• **GIVEN INFORMATION**:
Content starts
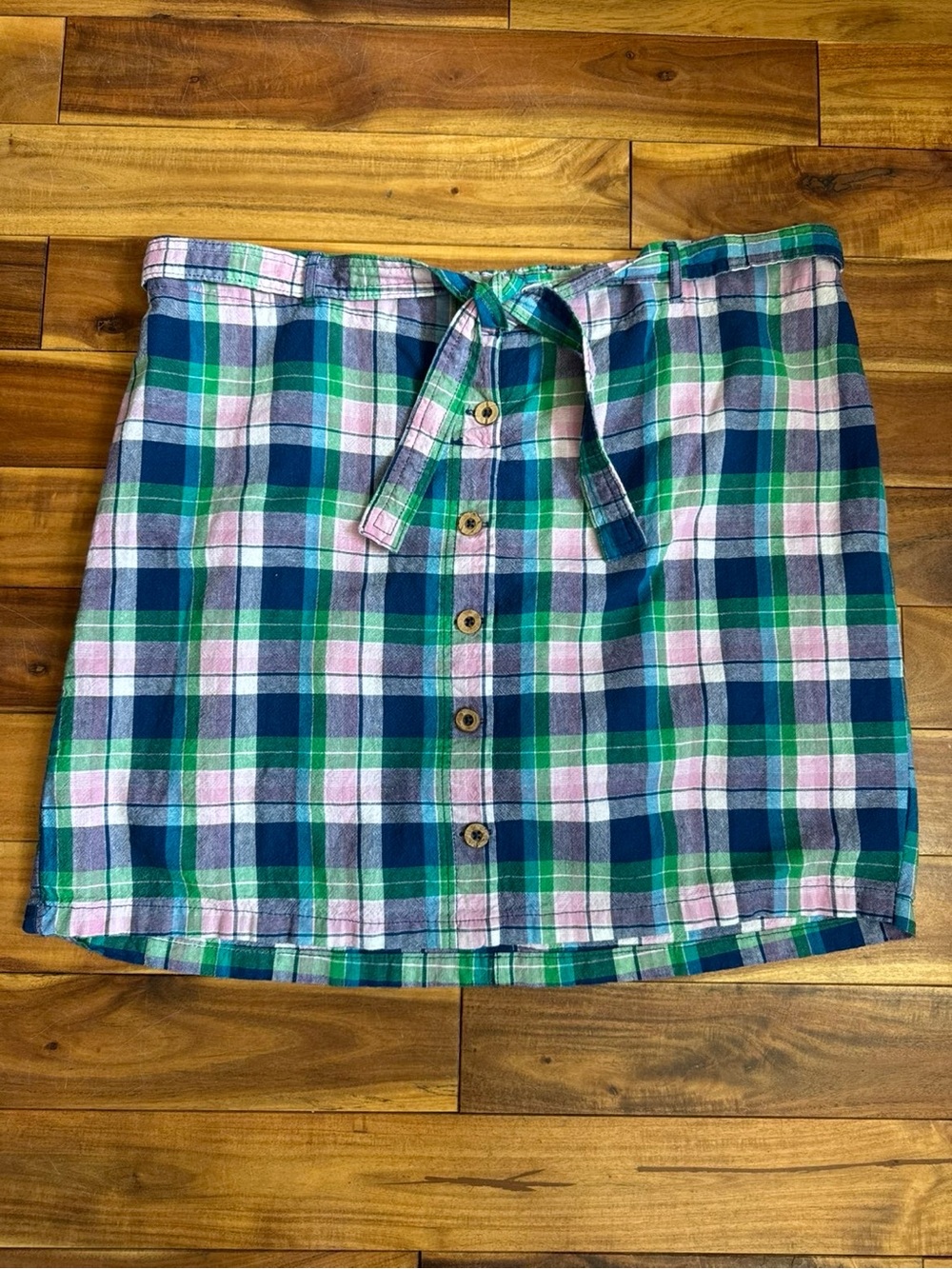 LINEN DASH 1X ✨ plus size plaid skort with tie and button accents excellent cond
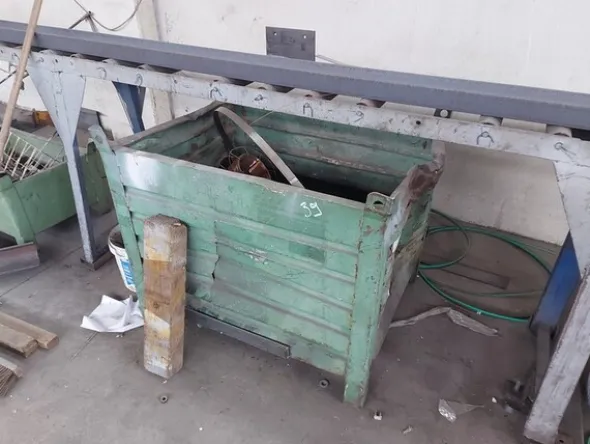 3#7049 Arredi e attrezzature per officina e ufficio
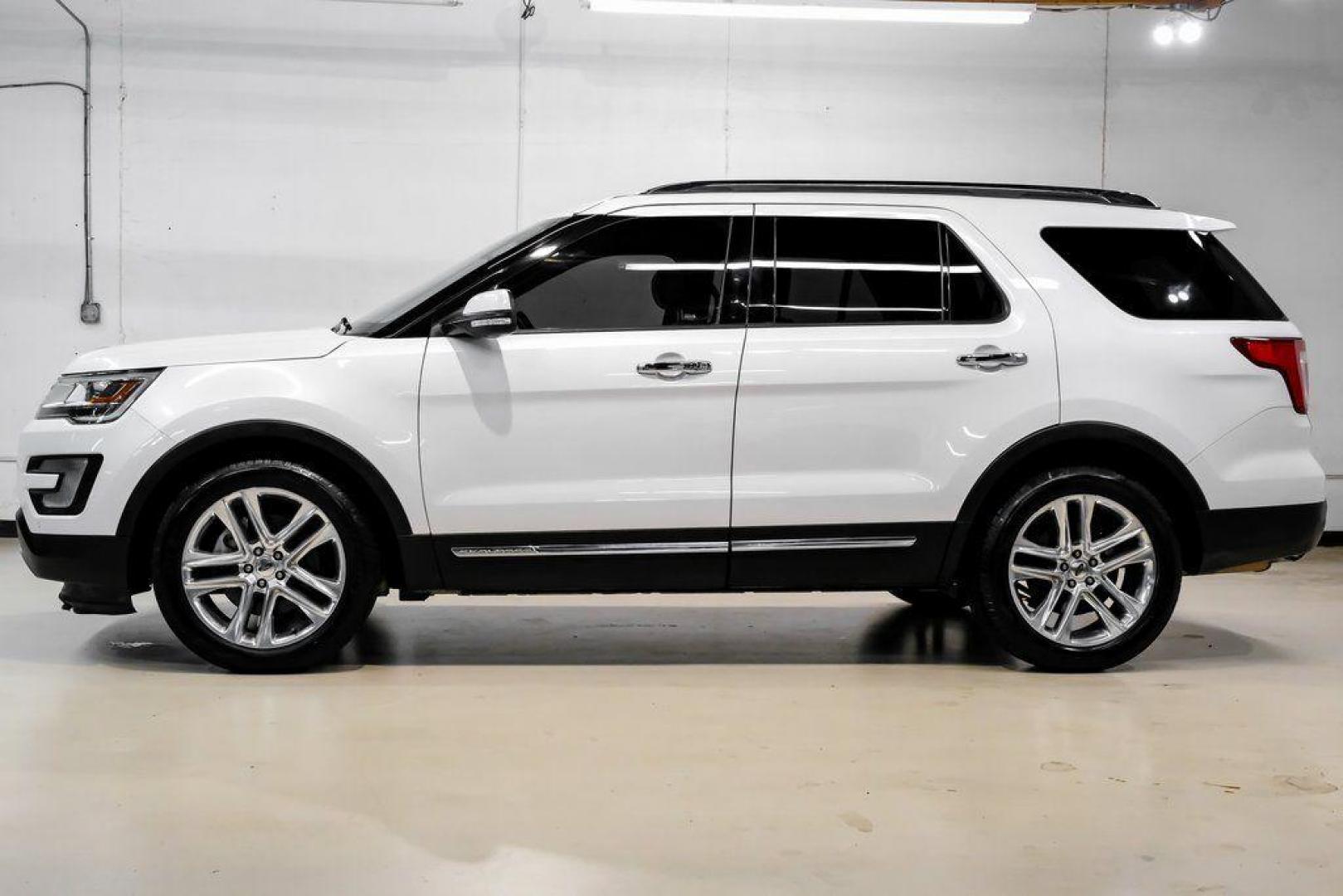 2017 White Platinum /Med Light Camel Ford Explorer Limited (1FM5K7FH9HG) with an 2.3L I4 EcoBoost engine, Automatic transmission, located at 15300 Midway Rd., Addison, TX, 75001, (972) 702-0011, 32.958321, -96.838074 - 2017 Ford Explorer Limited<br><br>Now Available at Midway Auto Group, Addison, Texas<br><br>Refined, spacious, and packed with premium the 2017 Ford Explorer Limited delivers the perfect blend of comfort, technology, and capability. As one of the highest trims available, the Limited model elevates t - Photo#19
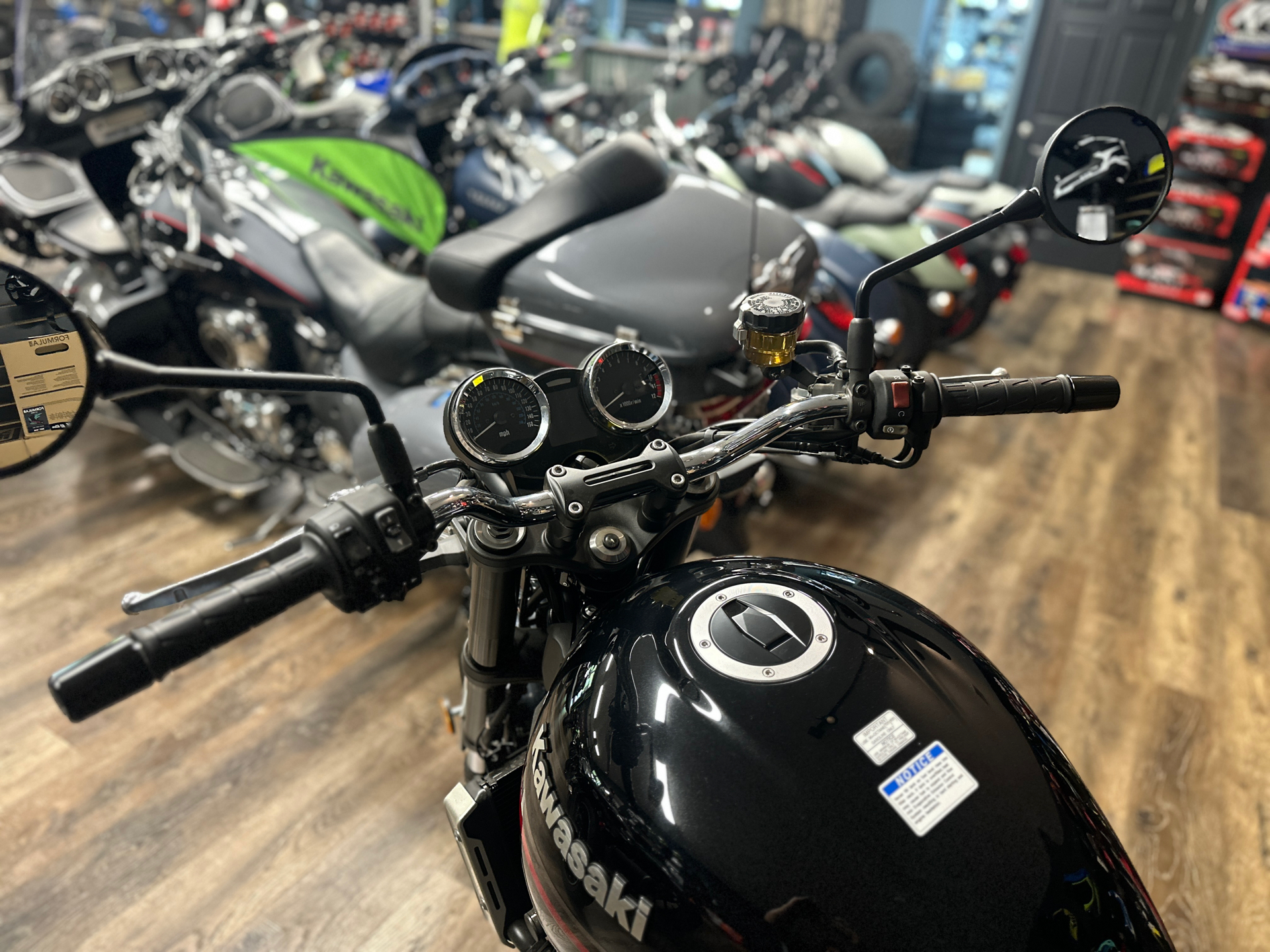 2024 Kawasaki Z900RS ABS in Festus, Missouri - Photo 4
Content ends
• **PROBLEM TO WORK ON**:
Could all the data above be given again exactly, leaving out its images?

• **ANSWER**:
 LINEN DASH 1X ✨ plus size plaid skort with tie and button accents excellent cond
 3#7049 Arredi e attrezzature per officina e ufficio
 2017 White Platinum /Med Light Camel Ford Explorer Limited (1FM5K7FH9HG) with an 2.3L I4 EcoBoost engine, Automatic transmission, located at 15300 Midway Rd., Addison, TX, 75001, (972) 702-0011, 32.958321, -96.838074 - 2017 Ford Explorer Limited<br><br>Now Available at Midway Auto Group, Addison, Texas<br><br>Refined, spacious, and packed with premium the 2017 Ford Explorer Limited delivers the perfect blend of comfort, technology, and capability. As one of the highest trims available, the Limited model elevates t - Photo#19
 2024 Kawasaki Z900RS ABS in Festus, Missouri - Photo 4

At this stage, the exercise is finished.